“We’re about the distillation of solutions, the refinement and crafting of forms in a maniacal way,” said Tim Brown, the Allbirds co-founder from New Zealand.
Silicon Valley likes a uniform. Standing out with a personal style in tech is generally shunned, since it implies time spent on aesthetic pleasures, rather than work. Tech leaders often adhere to strict personal dress codes (like Mark Zuckerberg’s gray T-shirt), and young entrepreneurs study the social media cues of the venture capital class, who tend to select investments in part based on who looks like them.
And so, for now, this insular world has settled on Allbirds.
At a gathering last month hosted by the venture capital firm August Capital on Sand Hill Road in Menlo Park, Calif., about 1,000 entrepreneurs and investors mingled on a concrete patio over margaritas and deviled eggs to celebrate summer. Guests wore other shoes — New Balance, Top-Siders, Tevas and a rare dress shoe were spotted — but the furry-looking Allbird was by far the most common.
Serik Kaldykulov, the managing partner for Elefund, which finances early-stage start-ups, wore a pair as he waited to get into the party.
“Everyone’s wearing them. Sometimes it is awkward, especially if we’re wearing the same color — but then it’s an icebreaker,” said Mr. Kaldykulov, who owns four pairs in different colors.

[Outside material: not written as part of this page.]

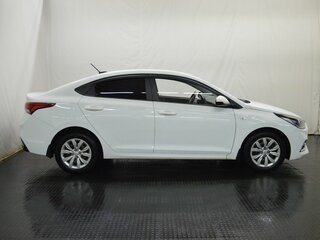 2017 Hyundai Solaris II, белый, 1150000 рублей, вид 4
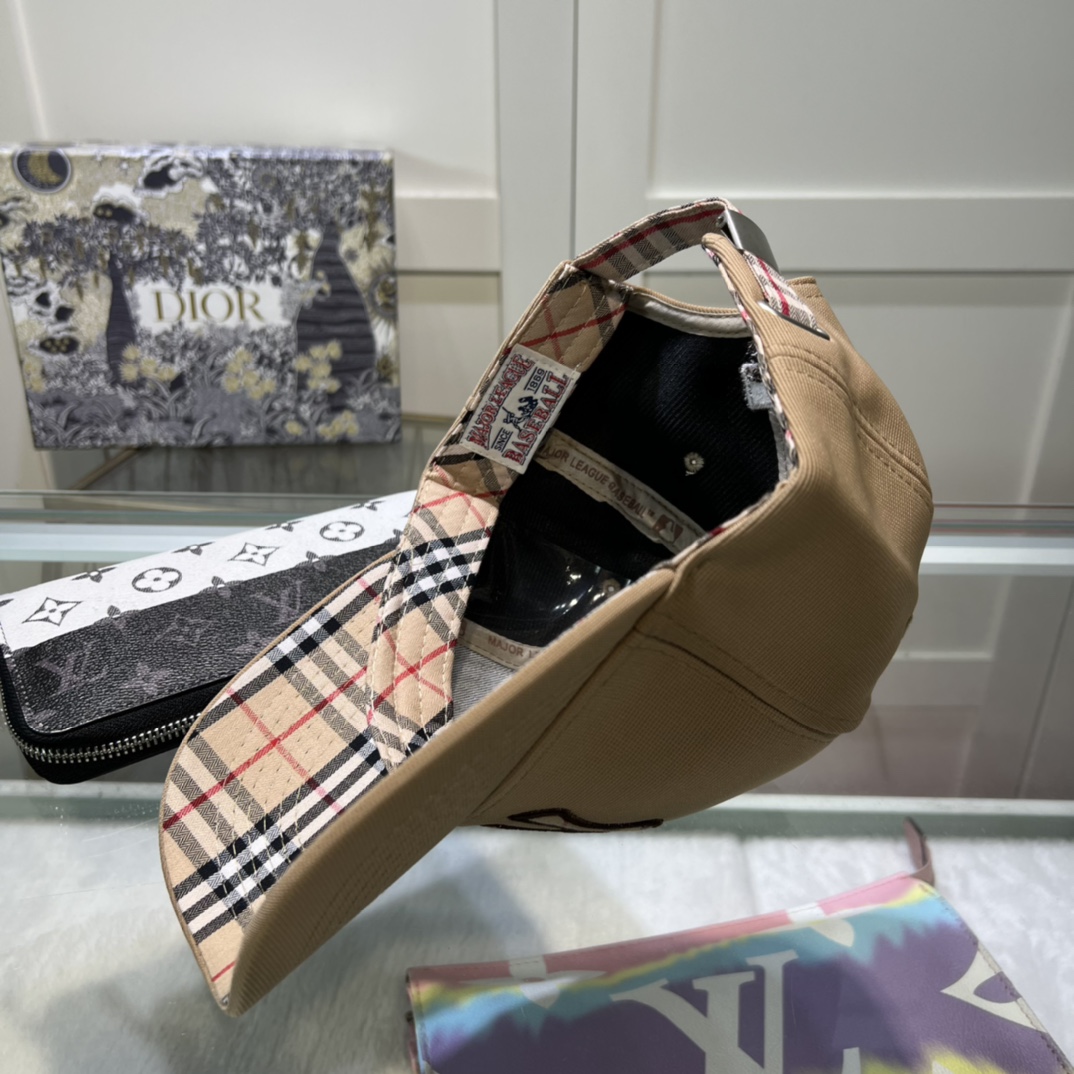 Original big brand luxury goods 1:1 high-end quality top original size copyPeaked cap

“Anything with laces becomes less efficient,” said John Kim, chief executive of SendBird, a start-up that helps software engineers build chat features within their apps. He sported a pair of light gray Allbirds.
Mr. Kim said he wore Allbirds for “all reasons and purposes” — except to a recent barbecue, for fear that sauce could seep in. Allbirds, which are machine washable, are meant to be worn without socks. (Some have complained about how quickly the shoes wear out, though Allbirds has said in a statement that the latest line is more durable than earlier iterations.)